┌────────

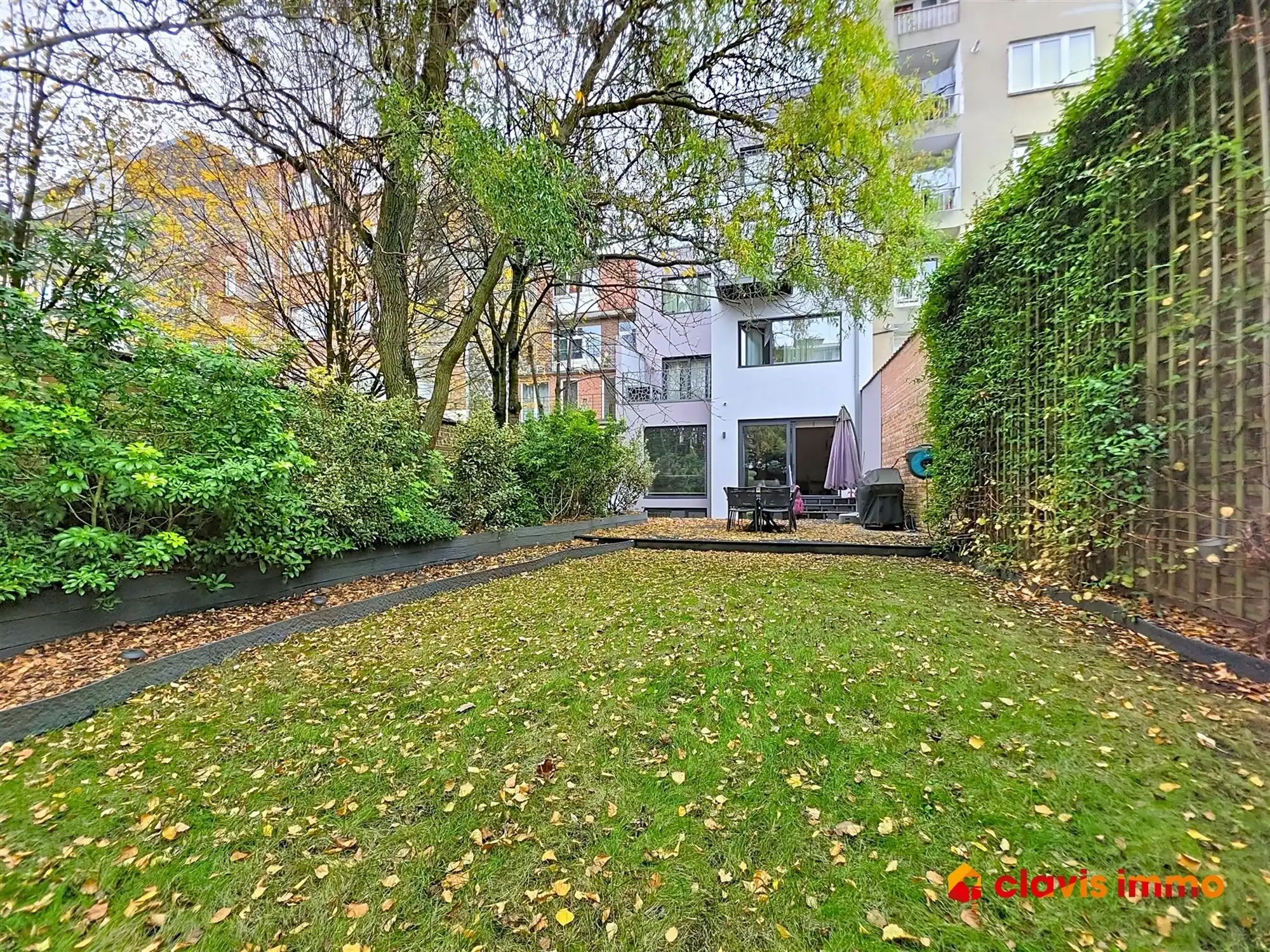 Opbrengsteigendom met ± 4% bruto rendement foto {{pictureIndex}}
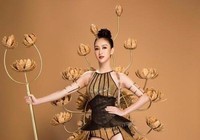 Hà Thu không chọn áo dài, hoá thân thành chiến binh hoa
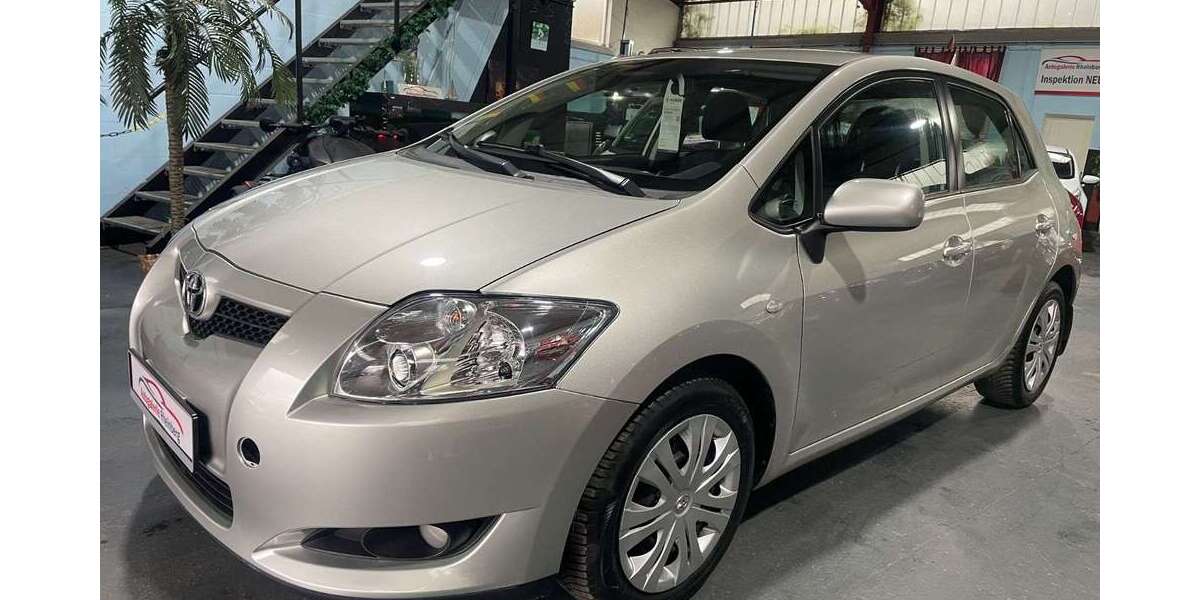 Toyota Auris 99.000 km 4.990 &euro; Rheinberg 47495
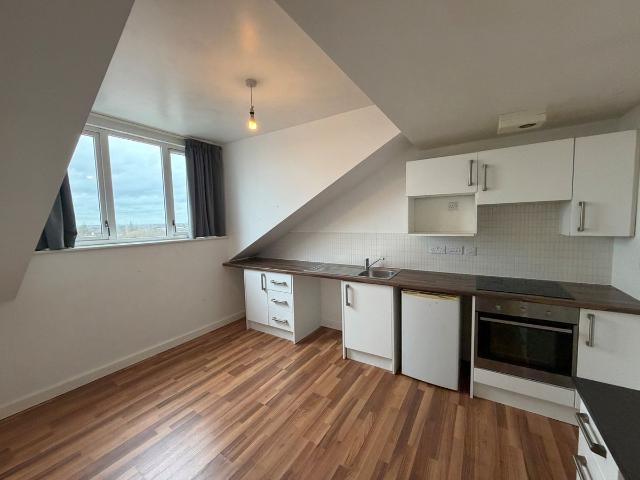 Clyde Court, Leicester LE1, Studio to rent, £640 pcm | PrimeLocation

└────────
┌────────

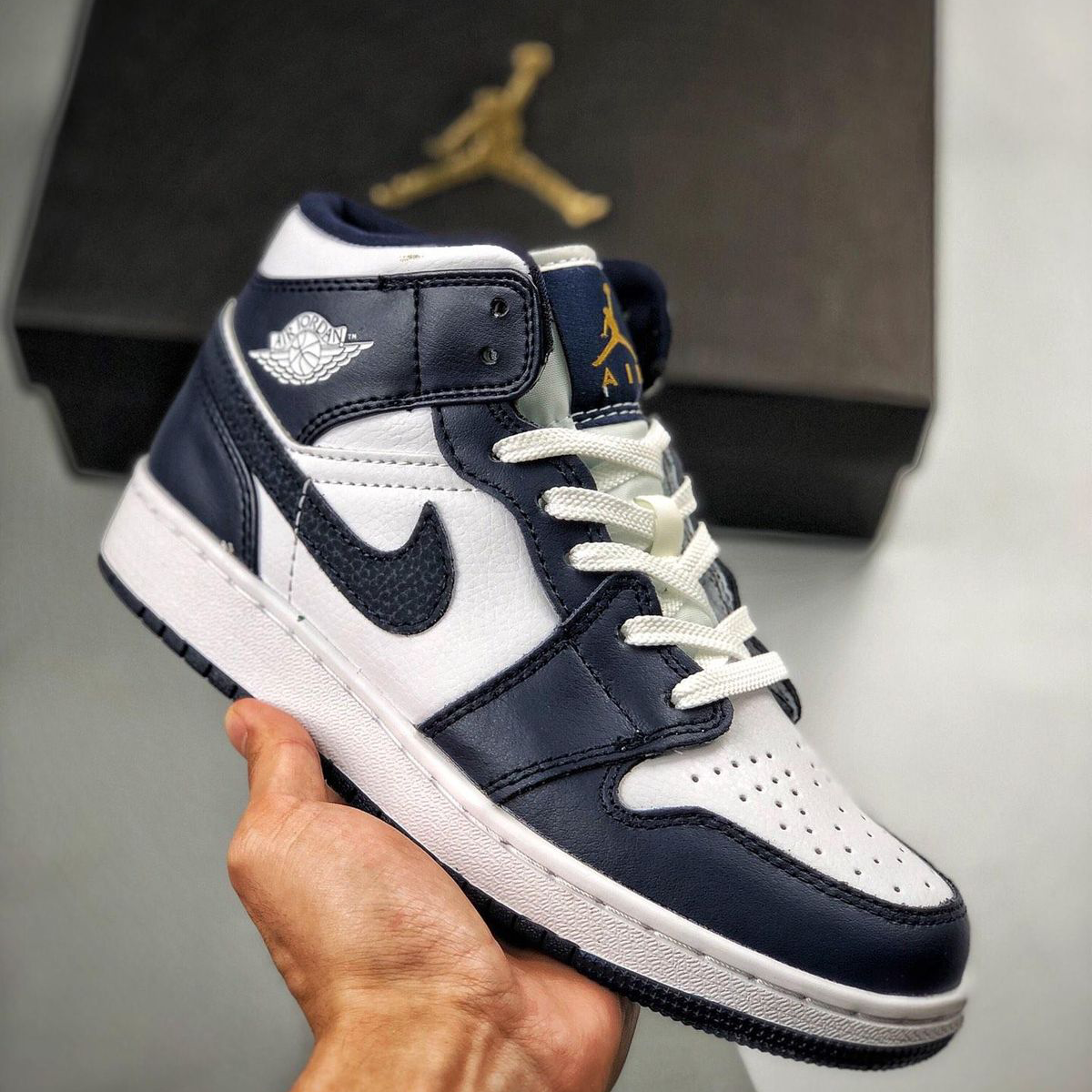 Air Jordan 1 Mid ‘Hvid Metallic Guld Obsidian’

└────────

Task to carry out:
Write out, word for word, the stretch of entries that begins at the line with "Toyota Auris 99.000" and ends at the line with "Clyde Court, Leicester". Pictures do not belong in it.

Response:
 Toyota Auris 99.000 km 4.990 &euro; Rheinberg 47495
 Clyde Court, Leicester LE1, Studio to rent, £640 pcm | PrimeLocation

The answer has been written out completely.